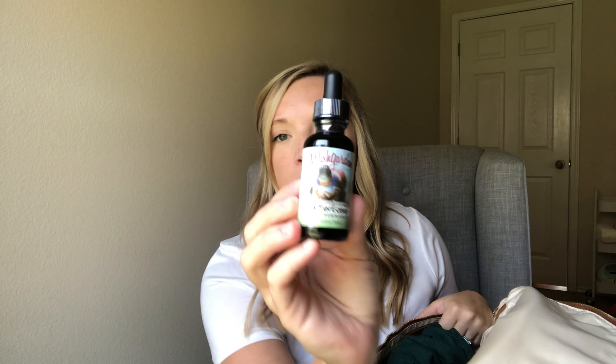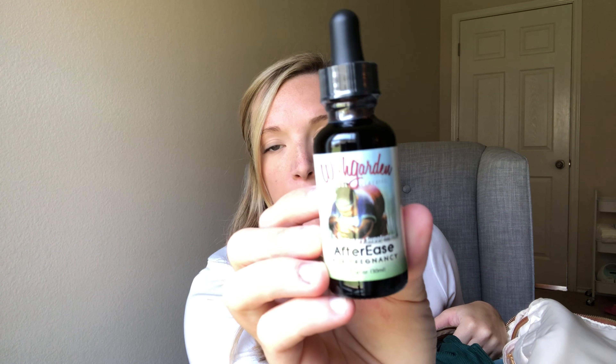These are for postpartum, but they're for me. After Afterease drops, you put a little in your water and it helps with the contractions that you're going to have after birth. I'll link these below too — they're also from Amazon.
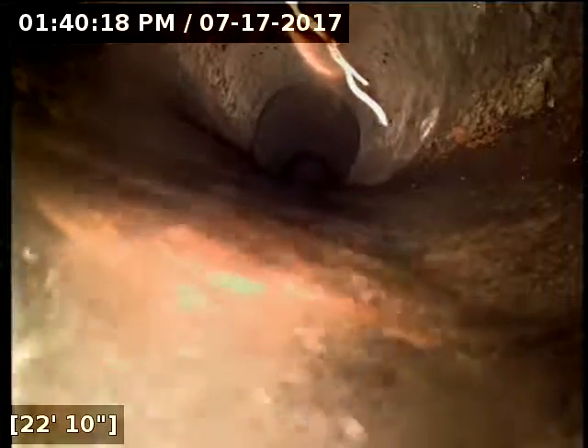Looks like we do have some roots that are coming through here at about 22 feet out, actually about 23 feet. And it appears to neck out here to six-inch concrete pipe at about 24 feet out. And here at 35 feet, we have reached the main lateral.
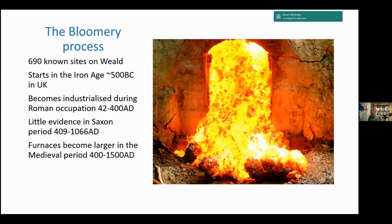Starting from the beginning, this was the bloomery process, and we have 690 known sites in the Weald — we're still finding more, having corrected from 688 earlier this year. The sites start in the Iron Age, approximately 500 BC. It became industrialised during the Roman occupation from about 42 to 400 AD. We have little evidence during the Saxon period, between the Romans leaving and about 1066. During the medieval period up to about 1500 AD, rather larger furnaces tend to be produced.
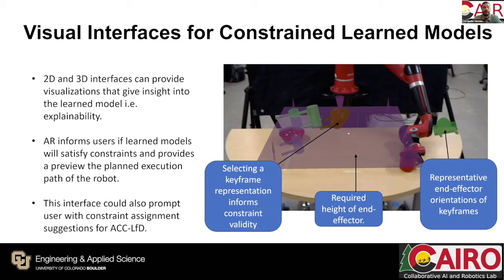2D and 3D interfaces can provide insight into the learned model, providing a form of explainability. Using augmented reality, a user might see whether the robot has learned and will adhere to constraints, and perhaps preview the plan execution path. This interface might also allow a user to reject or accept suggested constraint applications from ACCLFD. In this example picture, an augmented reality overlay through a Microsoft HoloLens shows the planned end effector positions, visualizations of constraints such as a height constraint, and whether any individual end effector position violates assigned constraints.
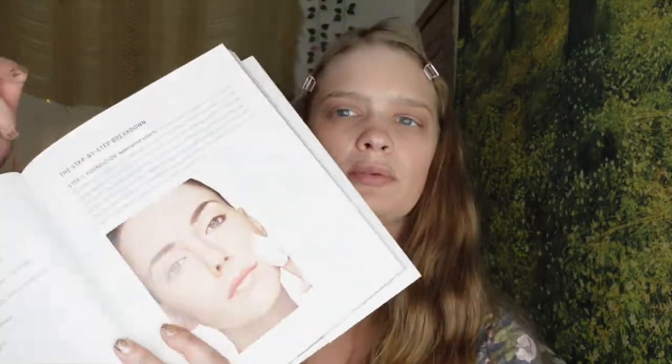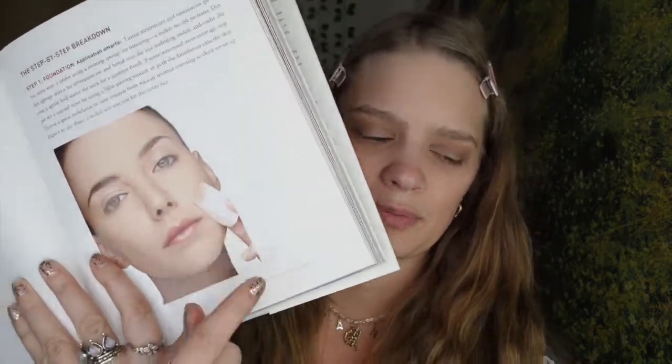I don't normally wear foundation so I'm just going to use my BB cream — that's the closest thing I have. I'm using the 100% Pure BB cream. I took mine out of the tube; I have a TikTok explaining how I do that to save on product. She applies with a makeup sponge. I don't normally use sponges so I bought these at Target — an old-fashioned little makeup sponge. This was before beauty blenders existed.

■ **Task details**
Your output should be only the lines from the line with "2D and 3D interfaces" through the end of the data, exactly as they stand, and no pictures.

■ **Expected answer**
2D and 3D interfaces can provide insight into the learned model, providing a form of explainability. Using augmented reality, a user might see whether the robot has learned and will adhere to constraints, and perhaps preview the plan execution path. This interface might also allow a user to reject or accept suggested constraint applications from ACCLFD. In this example picture, an augmented reality overlay through a Microsoft HoloLens shows the planned end effector positions, visualizations of constraints such as a height constraint, and whether any individual end effector position violates assigned constraints.
I don't normally wear foundation so I'm just going to use my BB cream — that's the closest thing I have. I'm using the 100% Pure BB cream. I took mine out of the tube; I have a TikTok explaining how I do that to save on product. She applies with a makeup sponge. I don't normally use sponges so I bought these at Target — an old-fashioned little makeup sponge. This was before beauty blenders existed.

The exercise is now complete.